Oui bienheureux ce temps d’abstinence eucharistique qui ’’détourne nos yeux’’ du pain et du vin consacrés pour nous obliger à regarder plus profondément vers le Donateur, et nous lier davantage à ce qu’Il est,  lui qui a fait de toute sa vie une offrande à son Père pour donner sa Vie à ceux et celles qu’Il appelle ses amis, ses frères. Et qui nous invite à entrer dans son Mouvement : Veux-tu devenir avec moi une hostie vivante,  offrir ta vie pour la Vie du monde ? Veux-tu devenir toi aussi, à ma suite, toi en Moi et Moi en toi, pain de vie pour tes frères ? Et prolonger ainsi l’eucharistie du monde ?  

En ce temps de pénurie  eucharistique,  accepterons-nous de quitter cet entre-deux pour devenir nous-mêmes des hosties pour ce monde ? Et si Jésus voulait faire de nous des hosties Vivantes dans ce monde ? C’est ce que montre la première lecture de ce jour avec la figure d’Etienne.  Ses détracteurs, mensongers,  le regardait.

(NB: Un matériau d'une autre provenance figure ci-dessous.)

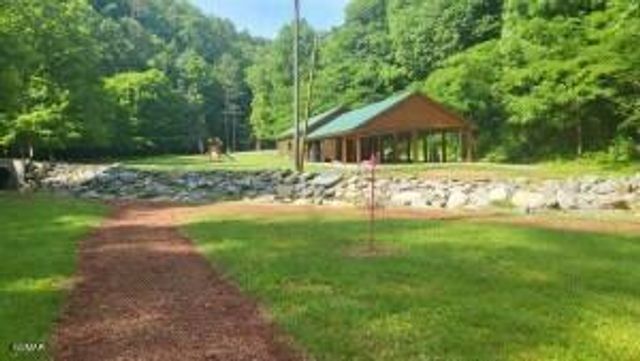 3280 Balsam Slopes Road, Sevierville, TN 37862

Son visage leur apparut comme celui d’un ange. Peu après leur avoir retracé dans un chant magnifique toute l’histoire de l’Alliance entre Dieu et son peuple jusqu’à Jésus qu’ils ont fait mettre à mort, Etienne est  lapidé, et de dire : « Seigneur ne leur compte pas ce péché. »  (Ac 7, 60)

Le Martyre d’Etienne, moulu comme le froment, va déclencher la persécution et la dispersion de la Communauté Chrétienne naissante. Et ce sera véritablement le début de l’Eglise missionnaire confessante. Comme le grain de blé tombé en terre Etienne portera du fruit cent pour un.

Il nous revient à nous aussi de devenir Hosties à sa suite, pour l’Eglise, et, en son sein, pour ce monde. Que nos vies soient signes vivants de la présence de Celui qui donne sa Vie au monde à travers nos vies données.